[Collection entries]
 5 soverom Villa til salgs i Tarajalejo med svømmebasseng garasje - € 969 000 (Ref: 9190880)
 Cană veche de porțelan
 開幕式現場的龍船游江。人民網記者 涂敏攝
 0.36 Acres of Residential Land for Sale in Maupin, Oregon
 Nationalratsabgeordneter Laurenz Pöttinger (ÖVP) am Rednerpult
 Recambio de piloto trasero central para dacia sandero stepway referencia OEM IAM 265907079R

**Aim of the exercise**
Lines from the one containing "0.36 Acres of" to the end of the data are to be printed exactly, including the first and last.

**The completed task**
 0.36 Acres of Residential Land for Sale in Maupin, Oregon
 Nationalratsabgeordneter Laurenz Pöttinger (ÖVP) am Rednerpult
 Recambio de piloto trasero central para dacia sandero stepway referencia OEM IAM 265907079R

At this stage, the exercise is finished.